3 de janeiro de 2011

Que de fugaz me esquenta


Digo que o afeto é maior que o amor, que se mostra tão próximo do ódio. O afeto acalenta a alma, e não pede a mão em troca.
No auge do meu romantismo incurável, sempre enalteci o amor à todos os outros sentimentos, que são, em sua maioria condicionáveis, a contra-mão do indelével amor incondicional e eterno.
Me rendo à minha paixão, que de fugaz me esquenta e de rotineira não periga, me abandona como veio.
E me deixa rindo atóa.


Ass: Pedro Gazzinelli de Barros

13 de dezembro de 2010

Relaxando


Todo dia é dia de passar com você, sua pele macia, seu cheiro de causar inveja a qualquer planta linda.
Já sem nada com o que me preocupar, quero gastar os ponteiros do meu relógio com você, brincando de rodar as horas para que elas não se preocupem com a gente, nosso tempo é todo tempo do mundo.
Minha cabeça roda, perdido entre sorrisos, olhares, encantos e vontades, aquele gostinho de eternamente apaixonado.
Um dia desses sentado por ai, curti a preguiça enquanto o sol me queimava, pude ver o que claramente eu escolhi.
Nos meus pensamentos escutei os encantos de um doce aroma, daqueles do tipo suave, posso compartilhar meus segredos com você.
Andando por aí e por aqui, procurando achar a jóia perfeita, procurando também, quem sabe, sempre te fazer sorrir.

Ass: Diogo Coelho

5 de dezembro de 2010

Controle


Com o coração quebrado mais uma vez tento atingir os mais altos picos.
Com todos os traços de um ser existente, saio de casa outra vez só para ver o mundo.
O que voce diz corresponde as suas atitudes, não quero ser mais um personagem de brinquedo.
Incanssavelmente espero uma mudança, estamos perto do fim, perto de nos soltarmos em busca de nossas aventuras.
Será que novamente viveremos nosso "terror" sem final feliz?
Ai de mim meu amor, novamente procuro aquela velha vela pra iluminar o vazio.
Meus sonhos já não são mais meus, são reflexões a mim impostas.
Busco um dia poder respirar livremente, ser novamente minha própria marionete.
É apenas questão de opinião, quando tudo parece perdido ai sim encontro como achar.
Não posso tirar meus olhos de você, os dias se dispedem.

Ass: Diogo Coelho

27 de novembro de 2010

E andarei...


E aí eu volto, e um dia, e um dia.
Às vezes eu aprendo e caminhando tropeço na fria angústia, o desejo de sair de mim, não caibo em mim.
Um dia então respeito o respeito, o que faço te impressiona?
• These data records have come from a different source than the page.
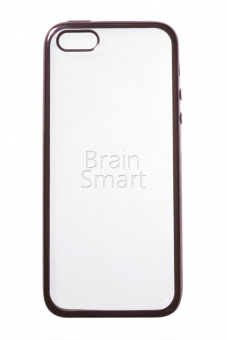 Накладка силиконовая Oucase Plating Series iPhone 5/5S/SE с окантовкой Розовый - фото, изображение, картинка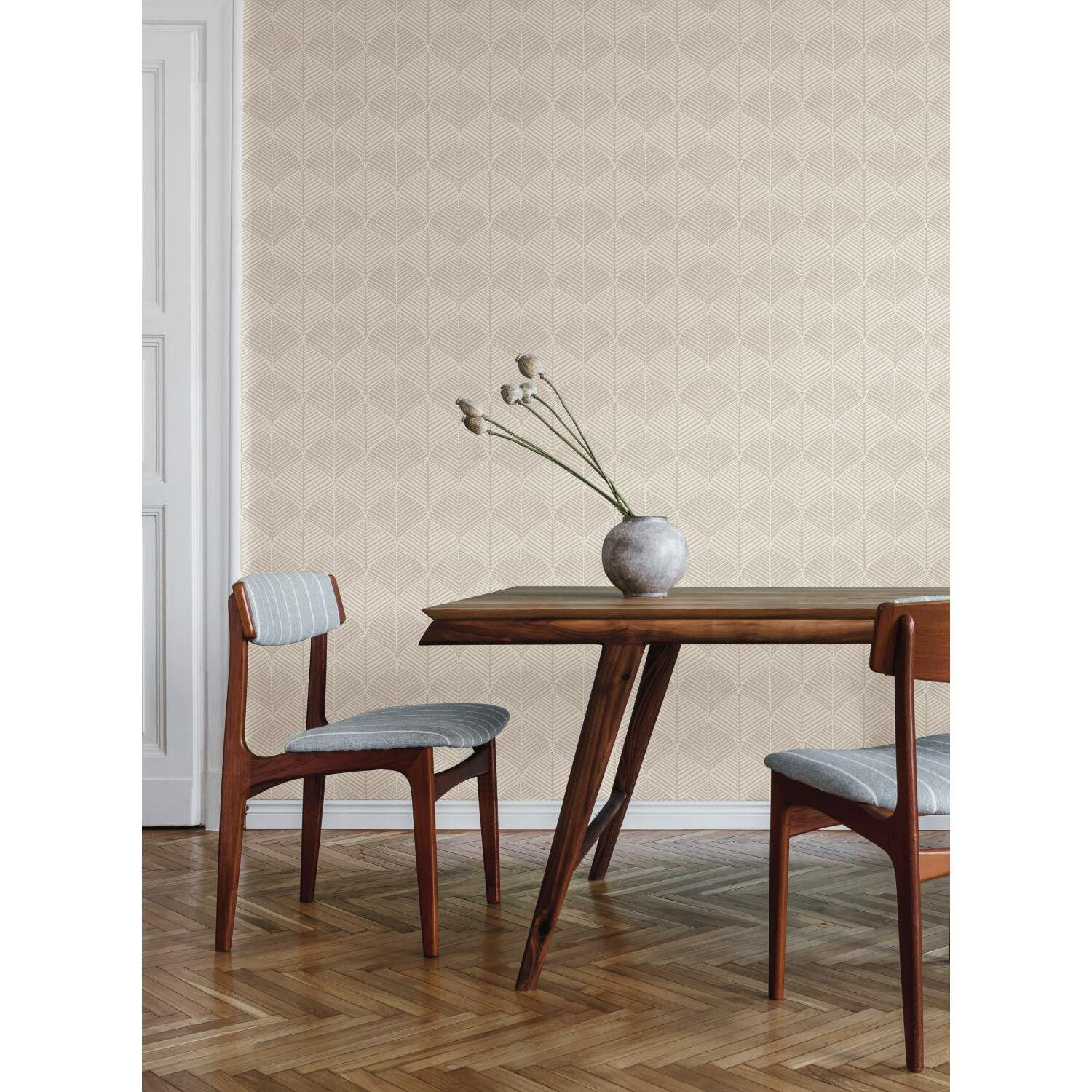 Biella Modern Floral Wallpaper, Gray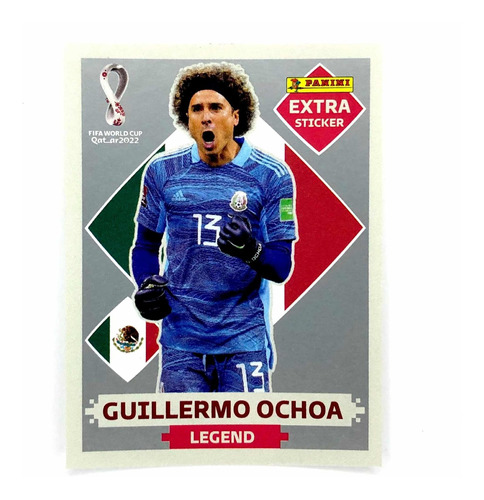 Guillermo Ochoa Silver - Extra Sticker Panini Qatar 2022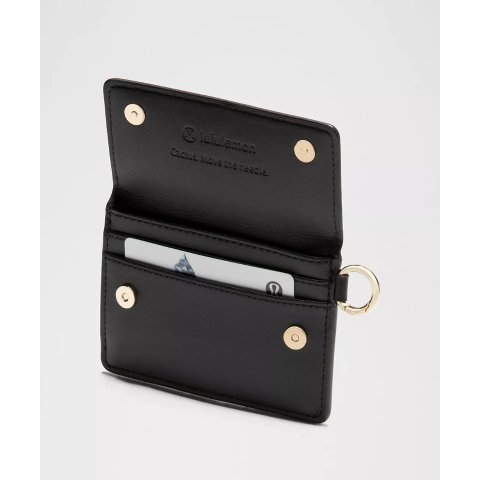 Lululemon黑白双色可选Leather Front-Flap 卡包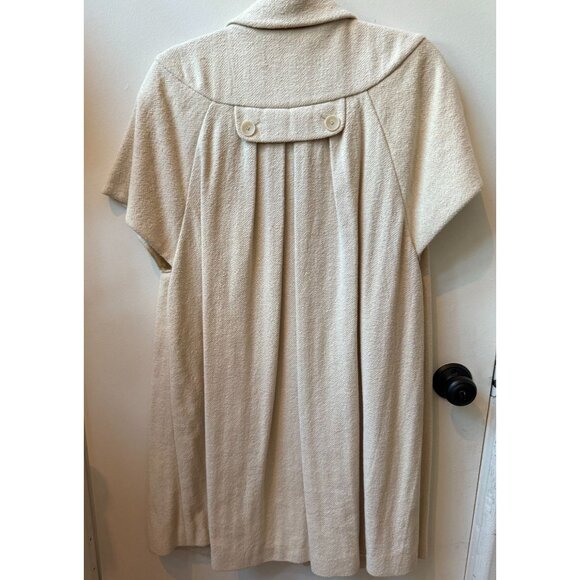 Ports International Women's Trench Coat ~ Cream Tweed - Picture 3 of 8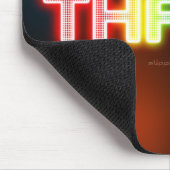 SlipperyJoe's throb Regenbogenförmige Gradientendi Mousepad (Ecke)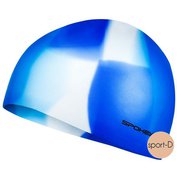 Spokey Abstract 83946 plavecká čepice modrá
E o que faço te enlouquece. Sem jeito. Não deixo que a negação, um dia, toda minha vida, esperando.
E nós vamos andar até quando. Andaremos até que o sol se ponha no último dos oceanos, no último pôr do sol.
Antes que eu não consiga mais atingir, antes que eu não consiga mais respirar, antes que eu não consiga mais sorrir, mais gritar, mais chorar, mais me emocionar, mais aprender, mais viver, mais ser feliz.


Ass: Pedro Gazzinelli de Barros

16 de outubro de 2010

A Gota


Eu sou o fogo que dispara, a flecha na direção, a certeza acusada, a timidez escancarada.
Eu sou a luz errante, a expansão contida, a solidão opcional.
Eu sou a introspectiva, o amor incondicional, a paixão remota.
Eu sou a divisão da opinião, a autoconfiança intelectual.
Eu sou a loucura engarrafada, eu sou o brilho da fumaça.
Eu sou aquilo que eu quis ser. Eu sou o senhor do meu destino, eu sou a homenagem explícita.

Ass: Pedro Gazzinelli de Barros

8 de outubro de 2010

Sob a ótica do apaixonado pela crítica.





Quando paro para pensar em política há uma introspectiva minha em relação as minhas lembranças mais distantes, como a eleição de 1989, e como eu venho me posicionando a respeito delas ao longo desses 21 anos. Nasci em 1986, e, claro, não acompanhei bem essa eleição, mas me lembro do impeachment do Collor como se fosse hoje. É uma de minhas lembranças mais remotas, me lembro disso como um dos primeiros fatos da minha vida.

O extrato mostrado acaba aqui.